Edward Albee's status as a leading American playwright is not in doubt.
In his seventies now, he's still going strong, with his play The Goat, or Who Is Sylvia?
still playing in London as I write this. There's no doubt that his very theatrical work can
be filmed effectively: you only have to look at the 1966 version of Who's Afraid Of Virginia
Woolf?, one of the finest and most groundbreaking American films of the 1960, to see that.
(Interestingly Albee dislikes it, partly because he thought Richard Burton and Elizabeth Taylor
were both miscast and he disagreed with the decision to film in black and white.) I can't
comment on the quality of A Delicate Balance as a play as I've not seen it on stage. I
will note that it won a Pulitzer Prize - which Virginia Woolf was notoriously denied -
and is considered one of Albee's major works. And no complaints about a cast like this one.

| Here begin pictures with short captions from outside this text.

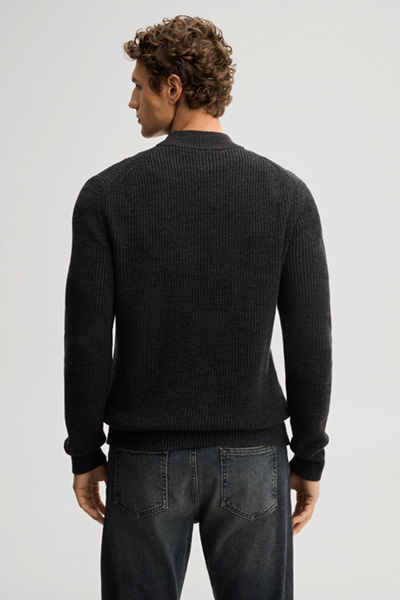Leads to product detail page "Dark green jumper with a stand-up collar"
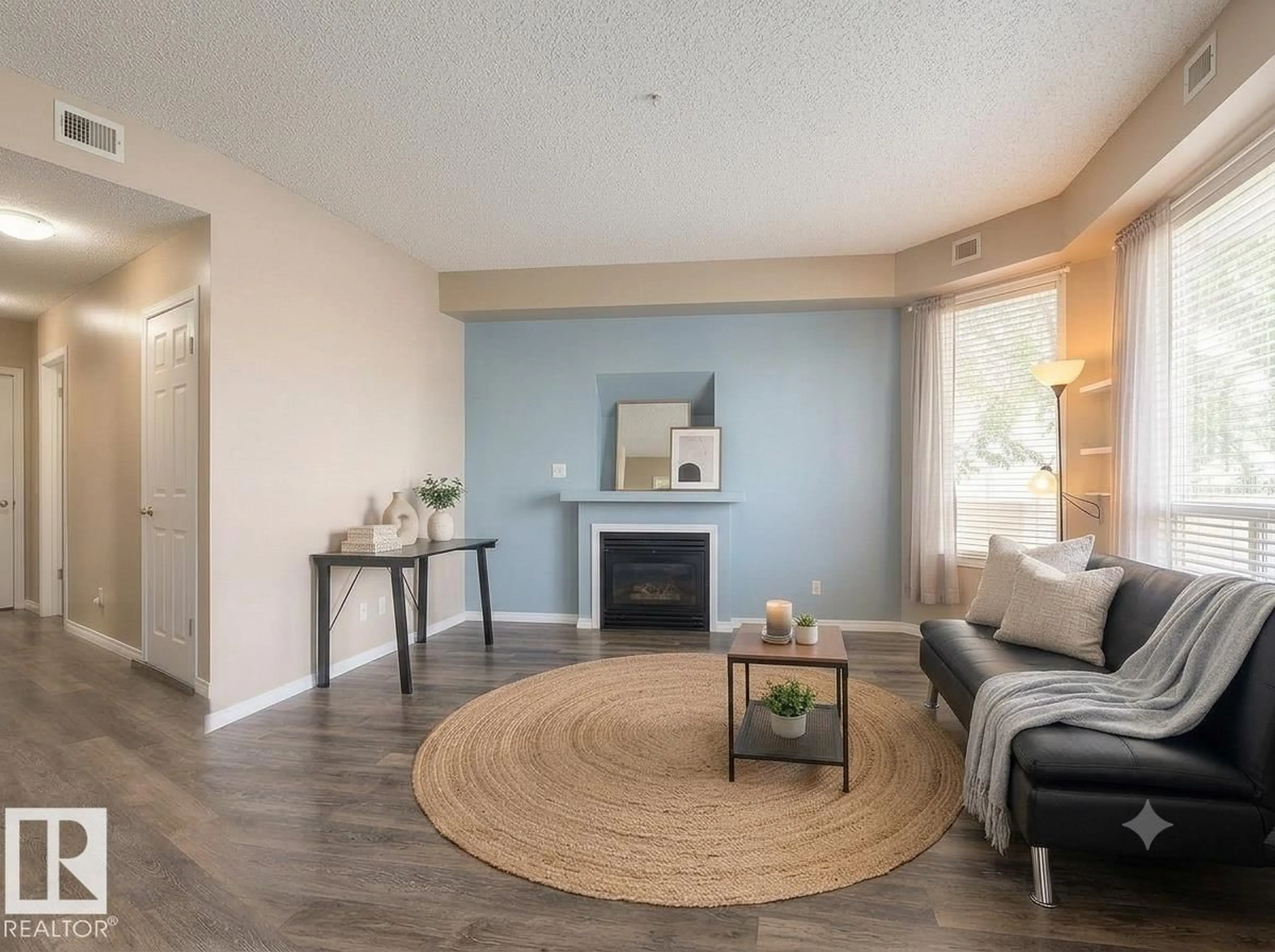 Living room with furniture, wood/laminate floor for #103 - 8108 109 ST, Edmonton Alberta T6G2V7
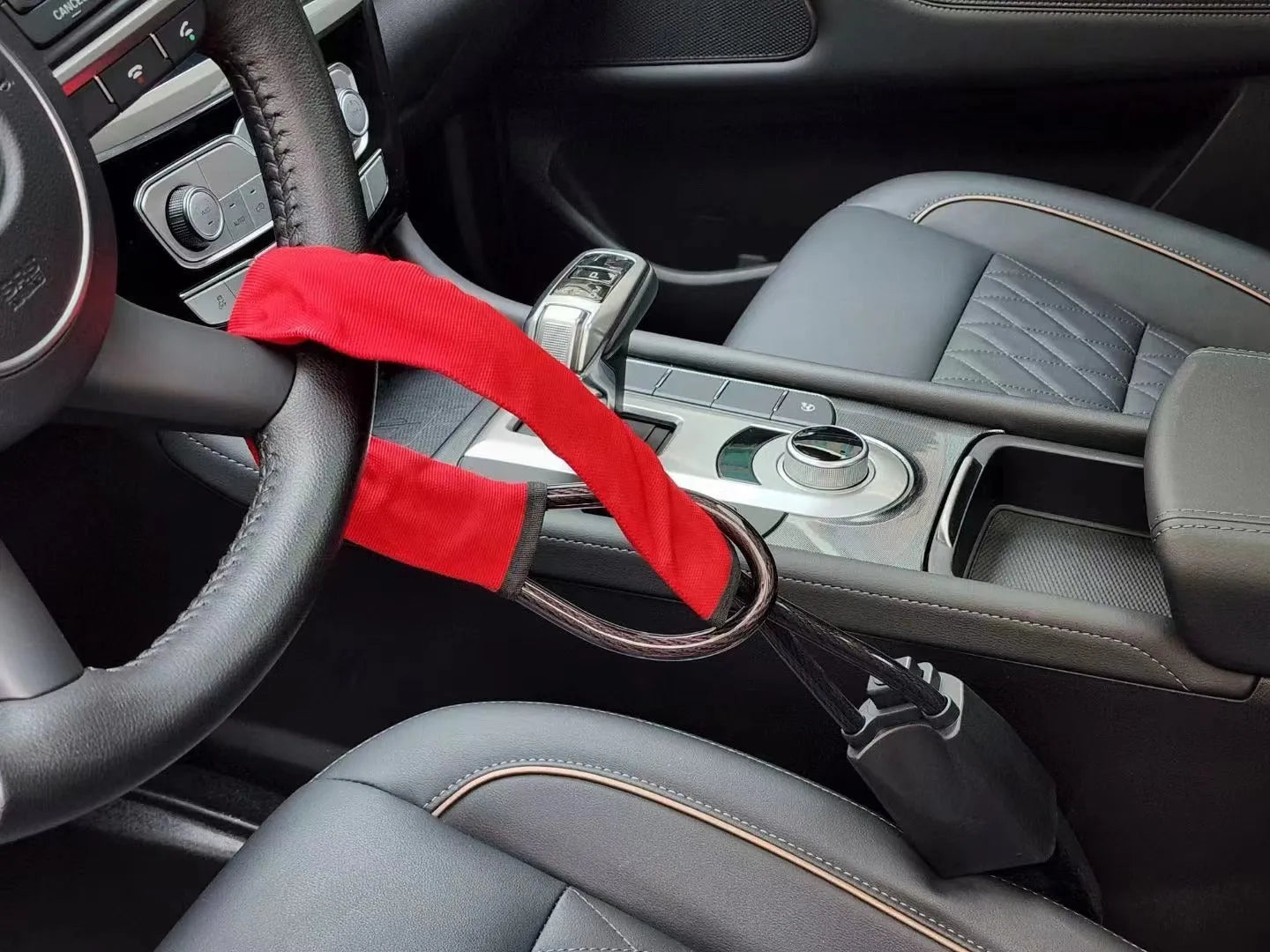 A red iron steering wheel lock with a copper core for General Motors cars, shown with its wire rope extended.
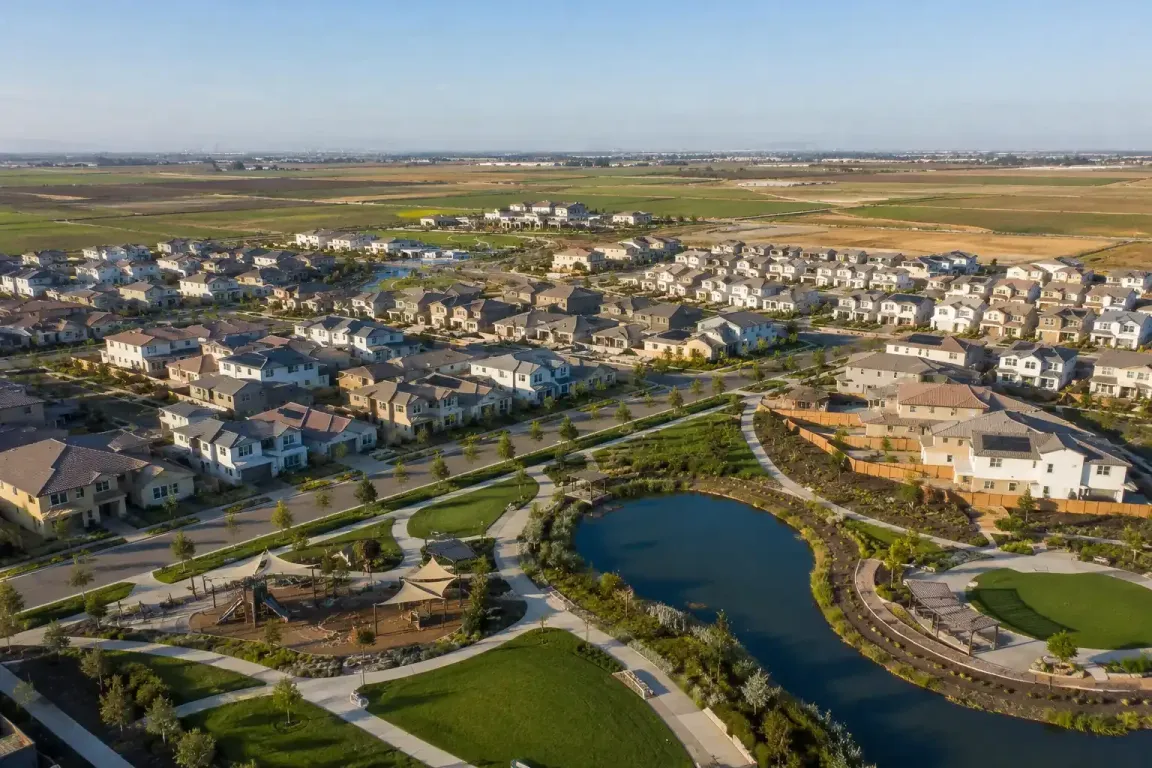 Aerial view of the Morada neighborhood in Stockton California featuring residential homes, landscaped parks, walking trails, and a pond during golden hour for sell my house fast Morada
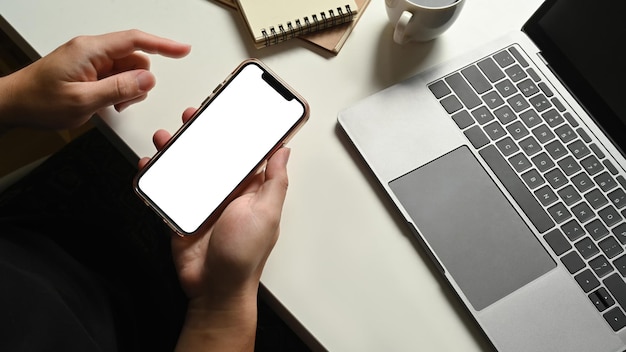 Homem segurando smartphone com tela vazia no espaço de trabalho com vista superior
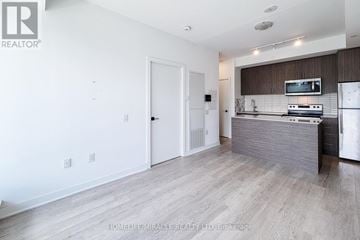 Hamilton (Riverdale) condo for rent - A modern kitchen with a white door and a microwave above the stove.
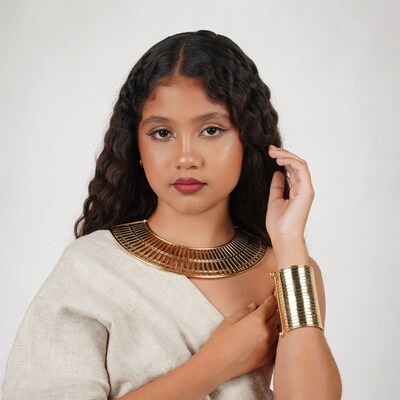 Young woman with gold necklace and bracelet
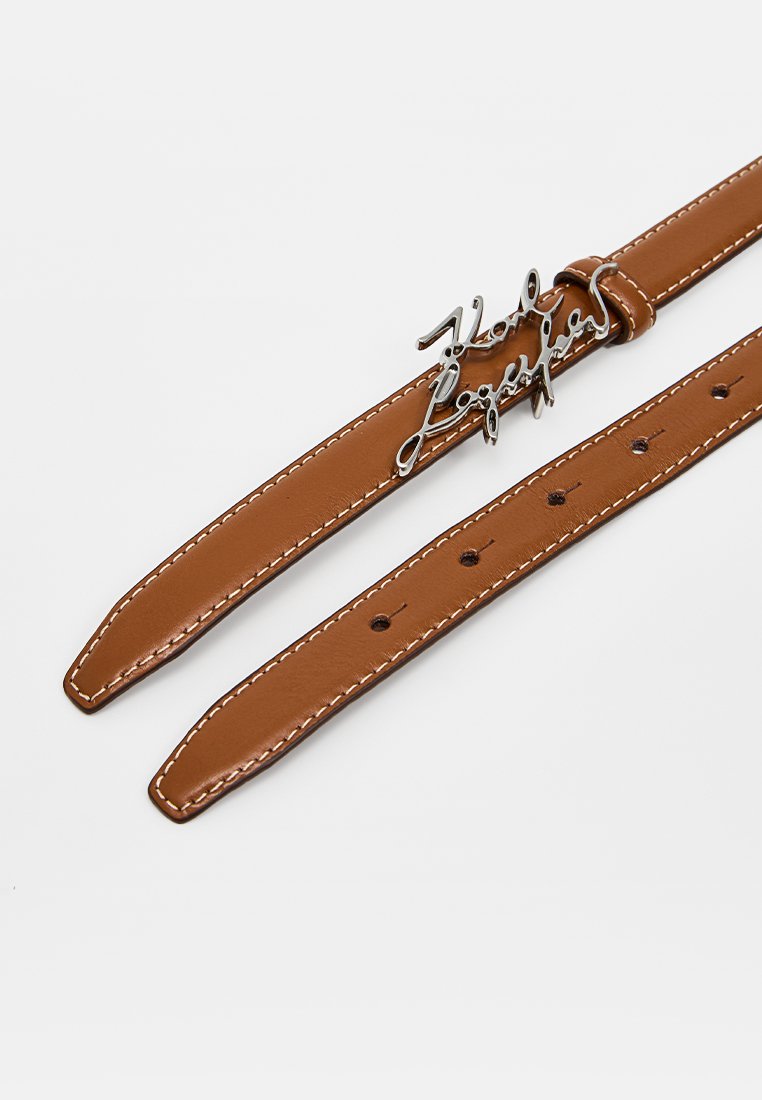 Ceinture en cuir brun avec une boucle en métal argenté. Présente des détails de couture et plusieurs trous d'ajustement le long de la sangle.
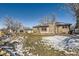 Tan house exterior with stone fireplace and snowy yard at 5421 S Sherman St, Littleton, CO 80121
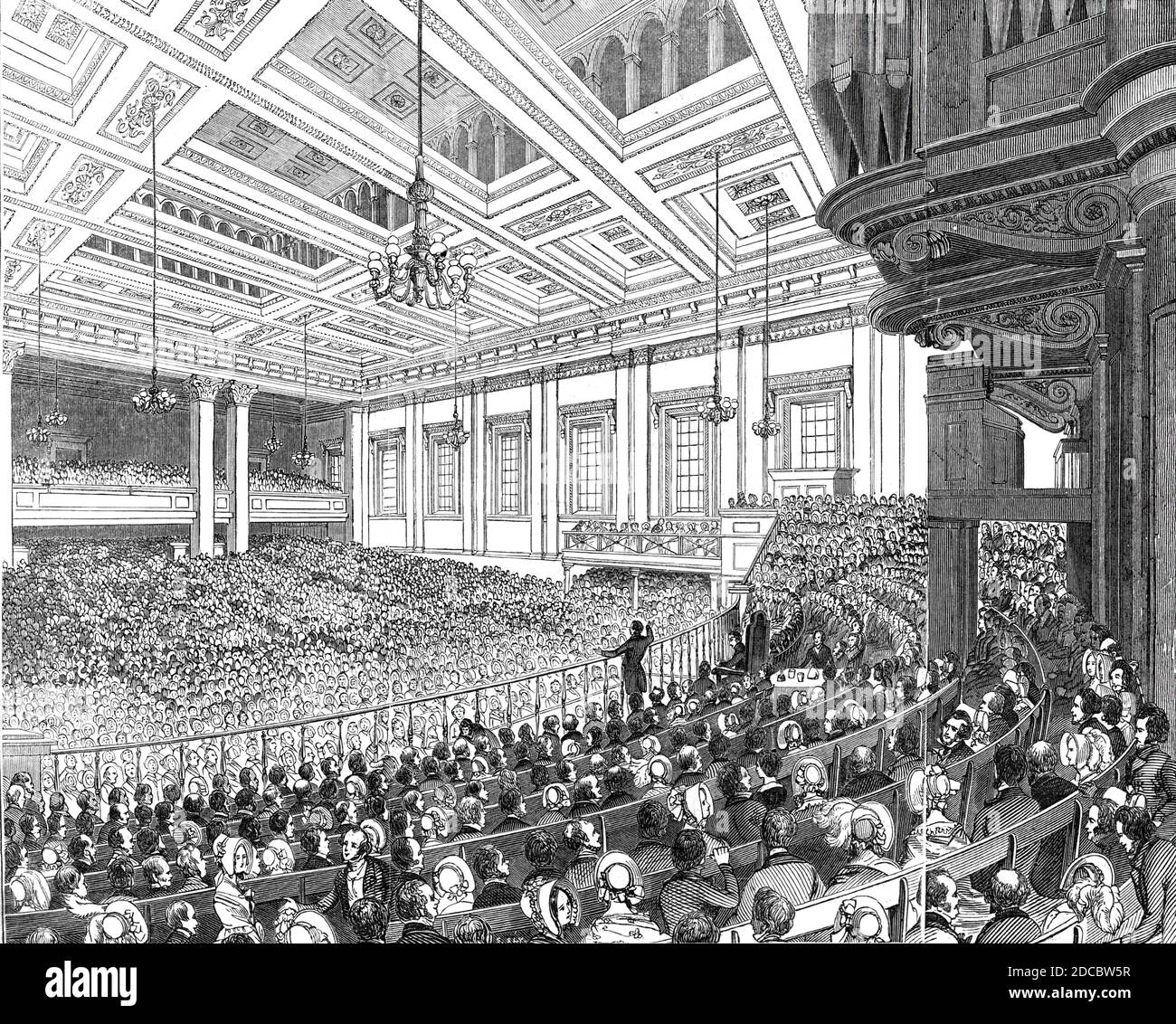 &quot;May Meetings&quot; in the Metropolis - interior of Exeter Hall, 1844. Exeter Hall in the Strand, London: '...herein are held several anniversaries during the month of May. Our engraving represents one of these impressive reunions...The Great Hall is 90 feet broad, 138 in length, and 48 high, and is lighted by 18 large windows. It will hold 3000 persons with comfort, and 4000 crowded. The platform, at the east end, shown in our engraving, will accommodate 500 persons, and is fenced from the rest of the hall by a railing, within which is seated the chairman, surrounded by persons influenti Stock Photo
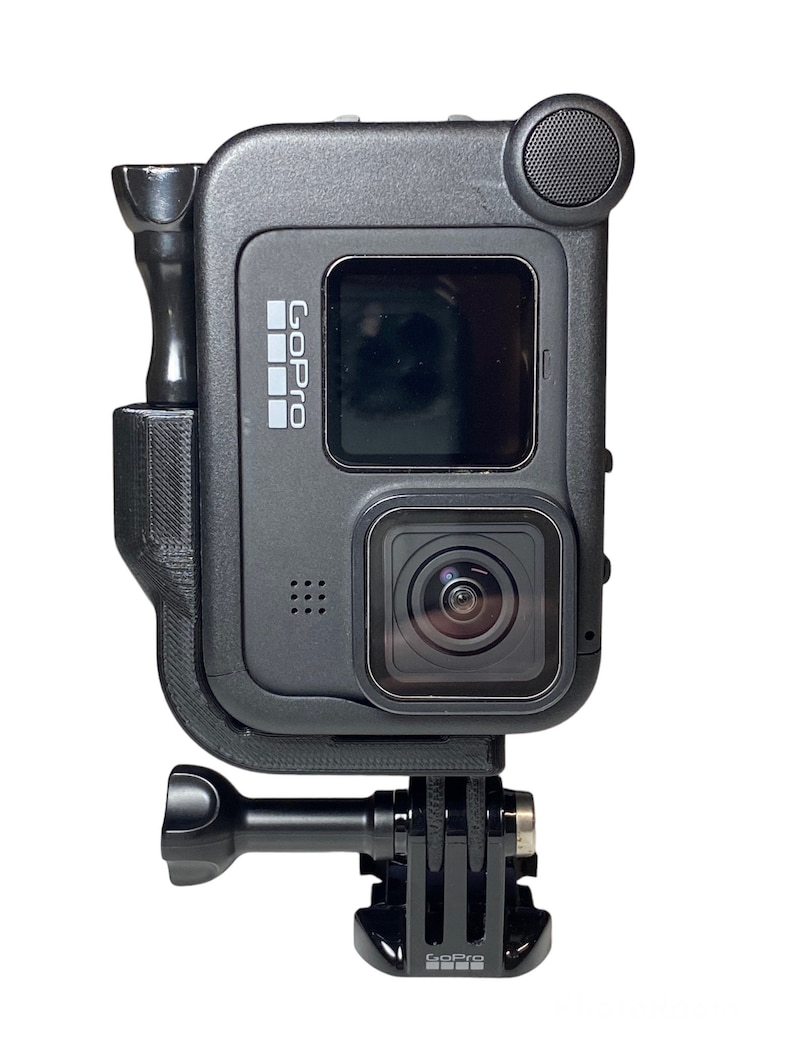 May include: Black GoPro action camera with a black protective case and a GoPro logo on the side. The camera has a small screen on the back and a lens on the front. The camera is attached to a black GoPro mount.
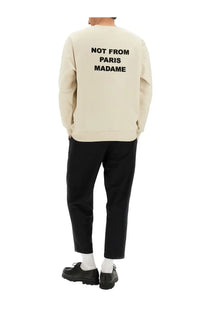 Cream-colored drôle de monsieur men’s sweatshirt with bold black slogan not from paris madame on the back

But as a film it's slow, un-involving, stuffed to the gills with extremely theatrical dialogue,
and a stultifyingly tedious experience.
You could argue that the many of the American Film Theatre productions,
valuable as they are for showcasing some fine performances, simply fall between the two
stools of theatre and cinema. There are effective ways of filming stage plays, but for
whatever reason Tony Richardson (by no means a bad film director) hasn't found any here.
Maybe Ingmar Bergman - Albee's first choice of director - could have made something of
this. This will certainly be of interest to Albee admirers and theatre buffs, but anyone
else should proceed with caution.
Like the other DVD releases of the American Film Theatre productions,
this disc is encoded for all-regions, has a rather soft transfer in a ratio of 1.78:1 and
a Dolby digital 2.0 mono soundtrack. There are no subtitles provided, which is deplorable.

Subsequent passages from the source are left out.